Discussion posts, readiness quizzes, and participation
Assessing weekly work
25% of students grade is related to being prepared for class and participating. I assign weekly readings, which I try to ensure students have done by assigning readiness quizzes (auto-graded multiple choice or similar) and “data dialogues.” I suspect students aren’t really doing the reading.
The recurring theme for our discussion posts will be a “Data Dialogue.” A data dialogue combines an element from the readings of the week with a data visualization or other data product you have found in the wild.
Entries can be short, just a few sentences, but should strive to explain briefly what the data product is, how to read it, and how it connects to the reading(s) of the week. Please provide a link if it is relevant.
You are broken into two groups:
Group 1: last names starting with A-J
Group 2: last names starting with K-Z
Each week, one group will write data dialogue entries, and the other group will respond to their colleagues’ posts. Responses should strive to find another connection between the data product and the reading(s).
For this week, Group 2 will start, and Group 1 will respond.
Data dialogues - example
Here is an example data dialogue post and response. I have lightly edited this from real student work I received in a prior semester:
Original post: “I found another life expectancy chloropleth map, this time focusing on Europe. In the reading, Muth refers to a Datawrapper feature that confirms whether your visualization adheres to appropriate levels of accessibility to the colorblind, a useful tool for ensuring inclusivity. I think the color scheme in this chloropleth works well, although I’m not sure if the scheme is accessible to those with color-blindness. I find the placement of additional information (Highest/lowest regions) to be clever in utilizing space with no information recorded. I’m curious how areas are sectioned off as most countries in the visualization are split into smaller regions.”
Data dialogues - example
Response: “I think this is a really visually pleasing visualization, especially as you note, the additional information and contextualization are in really good places. I think this is an interesting way to look at life expectancy because oftentimes the same data might be compiled and used as one color for the entire country. I found it especially interesting when Muth talked about considering using the smallest units possible. In this map, they have separate regions color coded individually, and it makes it more descriptive too. It also makes me speculate as to the causes of particular regions having lower or higher life expectancy rates. It looks like they never say that the medium gray, I assume, is countries lacking in data compared to the light gray of Africa and the Middle East, which I assumed to be countries they were ignoring for this visualization.”
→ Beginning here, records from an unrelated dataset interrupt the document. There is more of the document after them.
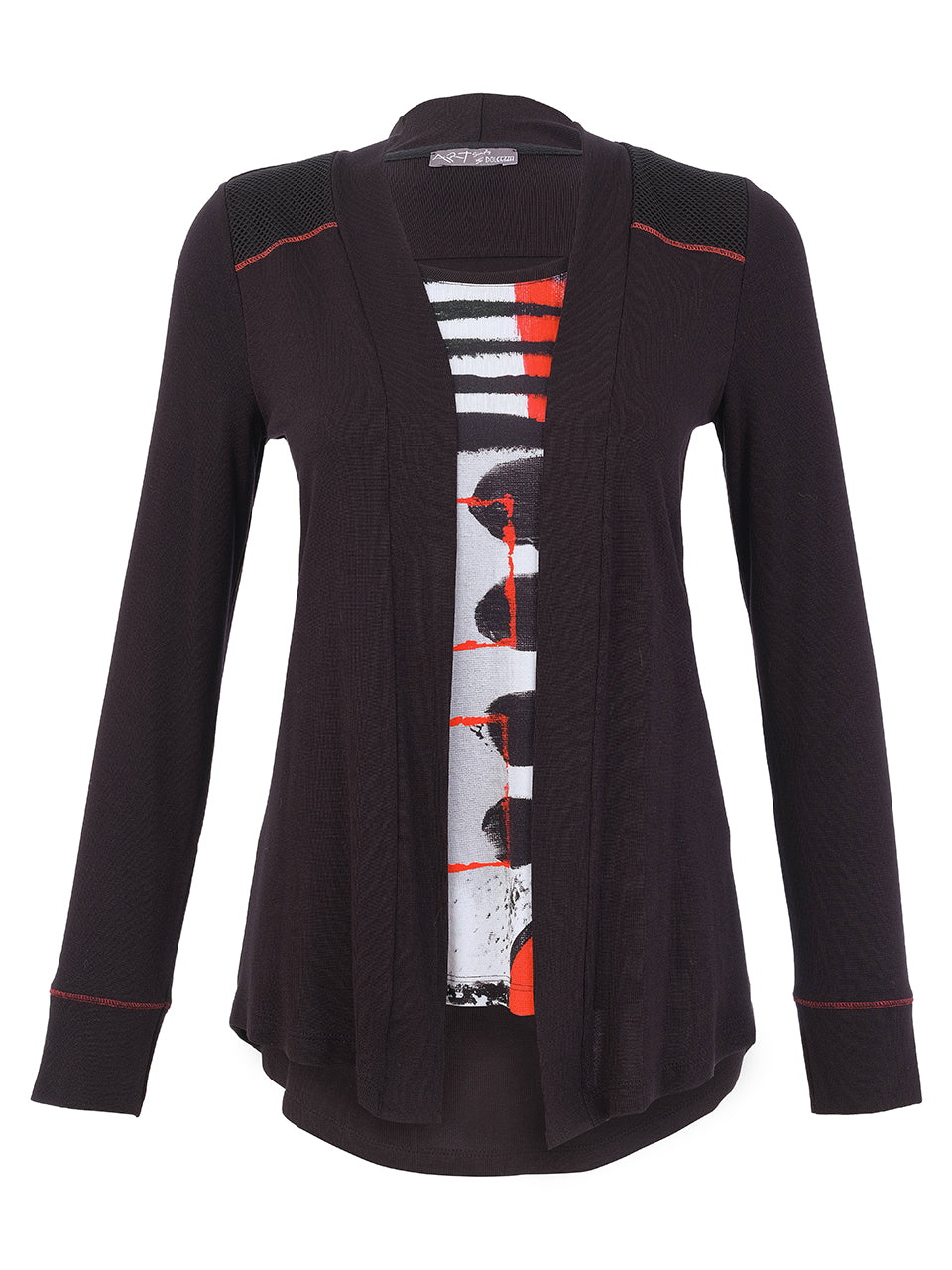 Dolcezza Knit Pullover 76692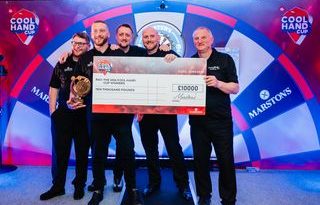 Cool Hand Cup Grand Final Hits the Bullseye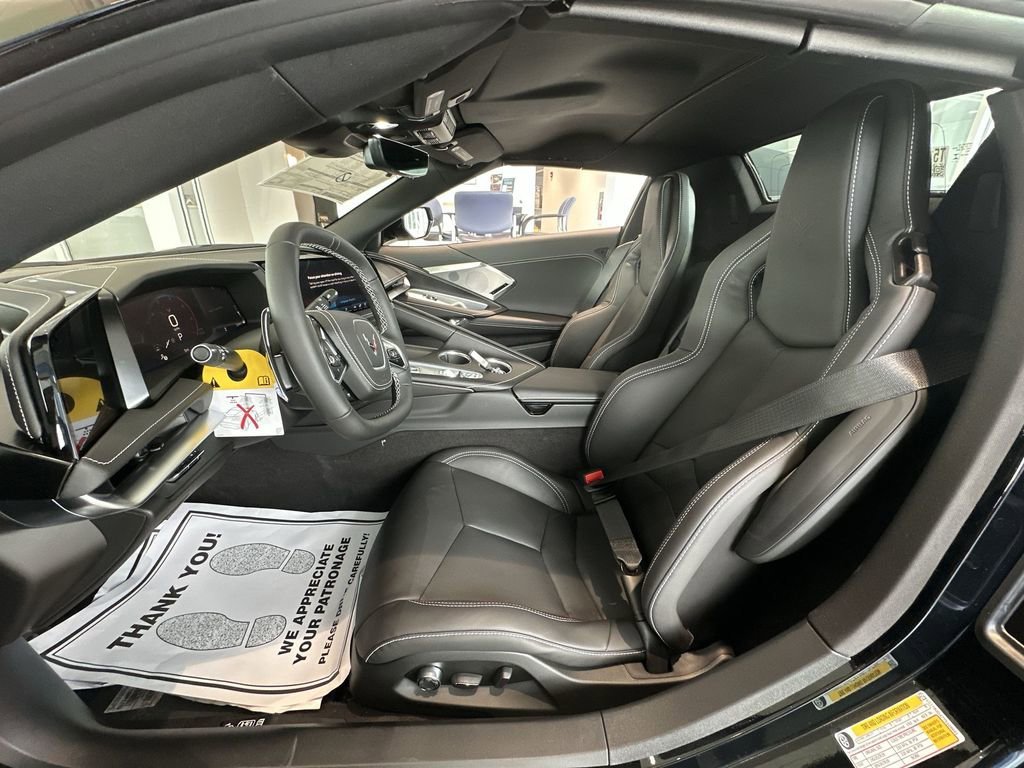 New 2026 Black Chevrolet 2LT image 11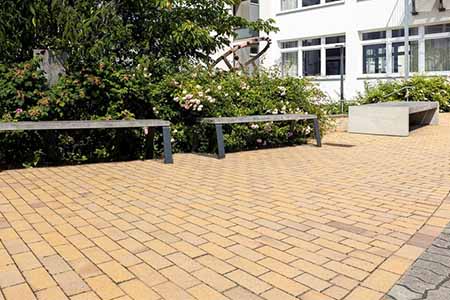 Plauen Vandersanden Tonklinker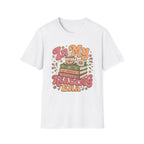 Reading Era T-Shirt — "In My Reading Era" Retro Book Lover Tee
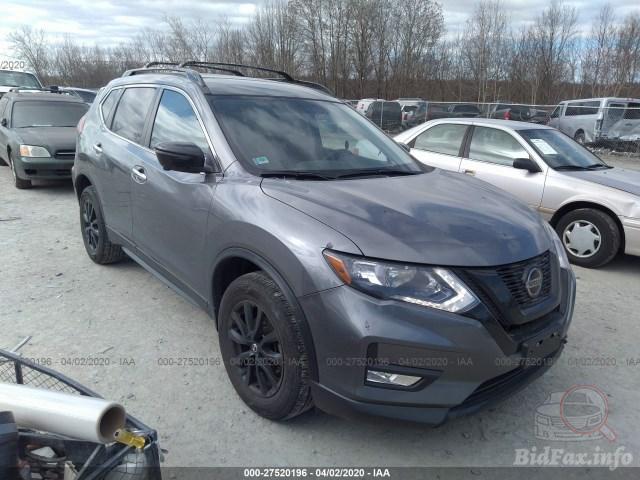 2018 NISSAN ROGUE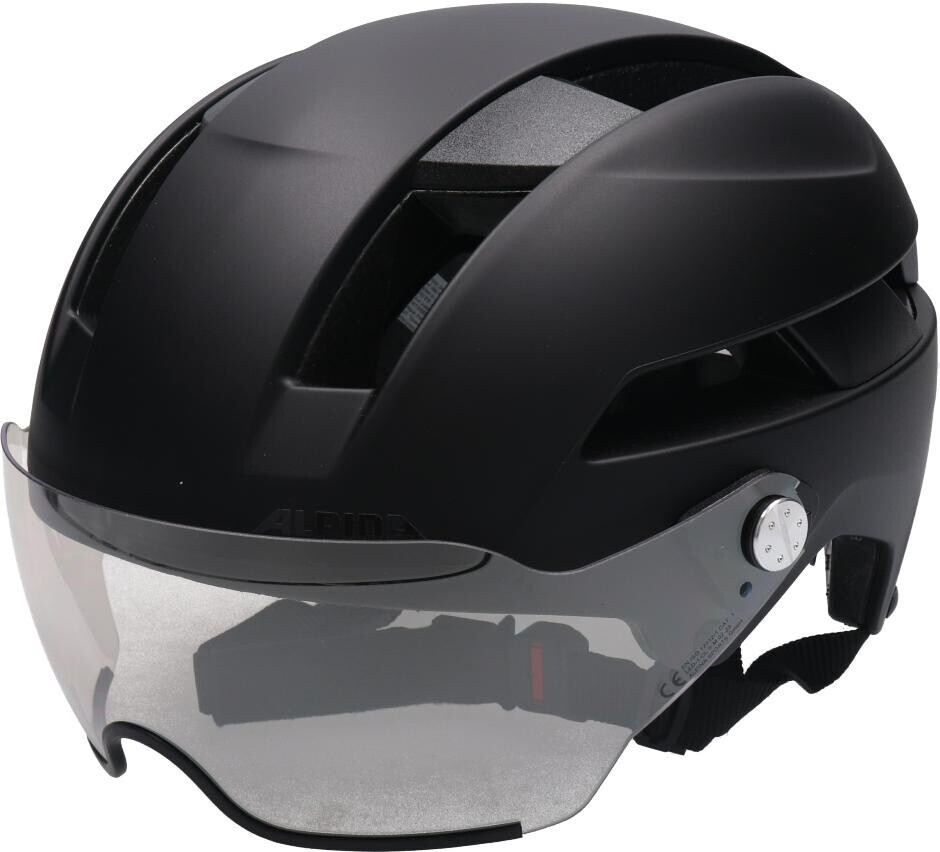 Alpina Sports Soho Visor black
Data dialogues - assessment
Again, how to assess these? I typically use a 3 point scale, where 3 means good, 2 means they were pretty light on details, and 0 means they didn’t submit the assignment.
At the end of the semester, some students have learned a ton, and that’s very gratifying! But when I compute final grades, I often discover a student is going to receive an A or B without seeming to have learned much.
- Next semester, I’m going to try Perusall to attempt to have students engage more with the reading. We’ll see how that goes.
- Standards-based grading?
What are the standards? Feels like I’m right back in my (poor) rubrics. I’m not very good at avoiding “giving corrective critiques.”